Zhou’s comments signal that policy makers remain committed to a campaign to reduce borrowing levels across the economy.
Concern that regulators may intensify the deleveraging drive after the twice-a-decade Communist Party Congress has helped push yields on 10-year government bonds to a three-year high.
Still, measures of credit continue to show expansion, with aggregate financing surging to a six-month high of 1.82 trillion yuan ($274 billion) in September. China’s corporate debt surged to 159 percent of the economy in 2016, compared with 104 percent 10 years ago, while overall borrowing climbed to 260 percent.
- China’s financial system faces domestic and overseas pressures; structural imbalance is a serious problem and regulations are frequently violated
- Some state-owned enterprises face severe debt risks, the problem of "zombie companies" is being solved slowly, and some local governments are adding leverage
- Financial institutions are not competitive and pricing of risk is weak; the financial system cannot soothe herd behaviors, asset bubbles and risks by itself
- Some high-risk activities are creating market bubbles under the cover of "financial innovation"
- More companies have been defaulting on bonds, and issuance has been slowing; credit risks are impacting the public’s and even foreigners’ confidence in China’s financial health
- Some Internet companies that claim to help people access finance are actually Ponzi schemes; and some regulators are too close to the firms and people they are supposed to oversee
- China’s financial regulation lags behind international standards and focuses too much on fostering certain industries; there’s a lack of clarity in what central and regional government should be responsible for, so some activities are not well regulated
- China should increase direct financing as well as expand the bond market; reduce intervention in the equity market and reform the initial public offering system; pursue yuan internationalization and capital account convertibility
- China should let the market play a decisive role in the allocation of financial resources, and reduce the distortion effect of any intervention
- China should improve coordination among financial regulators
Which all sounds very ominous and very positive in ending this facade..but just like the promises/threats ofprevious deleveragings - at the first sign of market jitters, the bankers will fold. As Kyle Bass recently concluded...
"...it’s the biggest bubble we have ever seen in the history of financial markets. $40 trillion of assets in a system with $2 trillion in equity."
Aside from China's credit bubble, the simmering conflict in North Korea and tensions between the US and China related to the latter's insistence on building in the Spratly Islands also threaten China's economy, as well as global risk assets.
“We’re now in a bubble of epic proportions for Chinese credit...everything seems to be bubbling to the top and reaching a boiling point almost concurrently."
To be sure, there are a lot of powerful interests around the world that would suffer if China’s economy collapsed.

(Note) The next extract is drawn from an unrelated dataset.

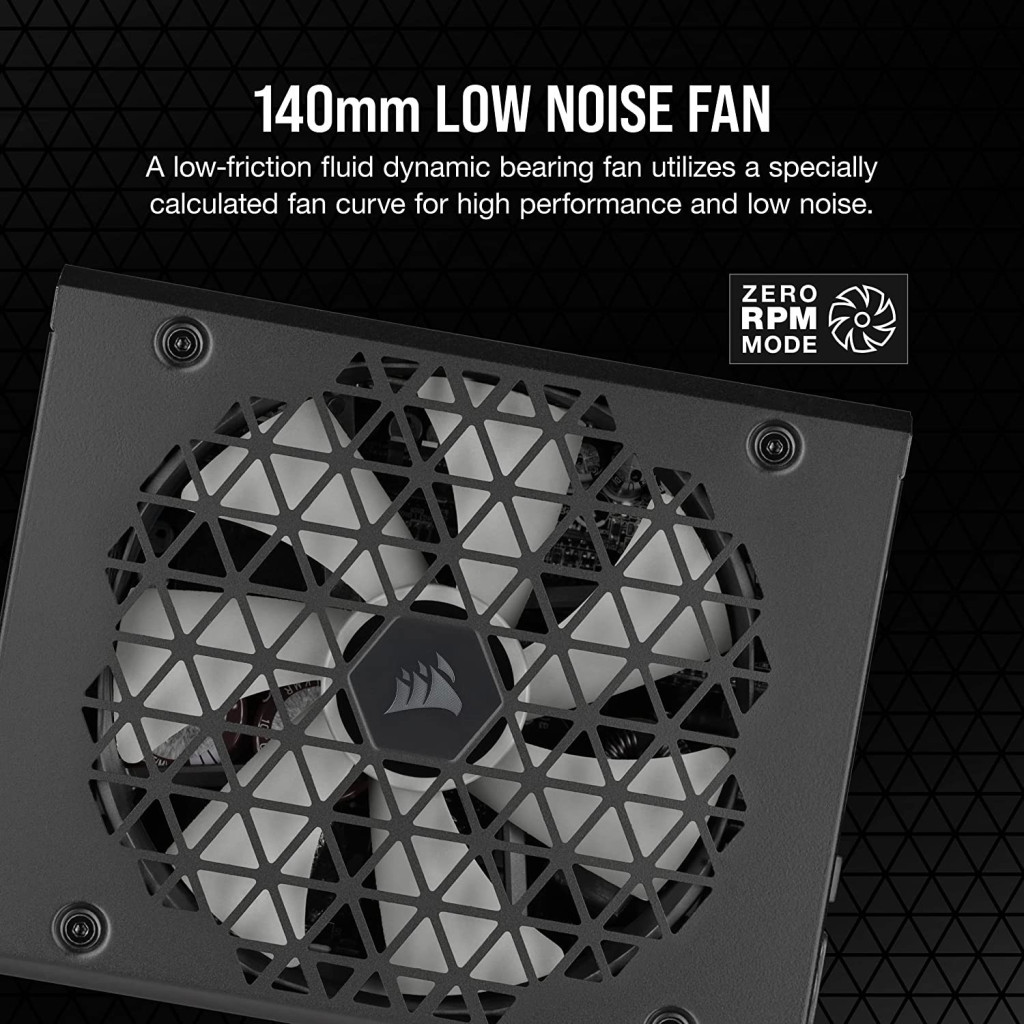 Блок живлення Corsair 1200W RM1200x Shift PCIE5 (CP-9020254-EU) - зображення 9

But despite this, because he believes in the position, Bass is going to stay on his side of the trade – even as other longtime China bears like Mark Hart announced this week that he was abandoning a seven-year long bet on a massive yuan devaluation.
“People so want for everything to be okay. Nobody in their right mind wants us to be right because if I’m right were going to see a global growth slowdown you think about the concentric circles of how it affects each participant.
The economy may really slow down and we might have additional problems…so I’m going to keep investing the way I am and hope it all works out.”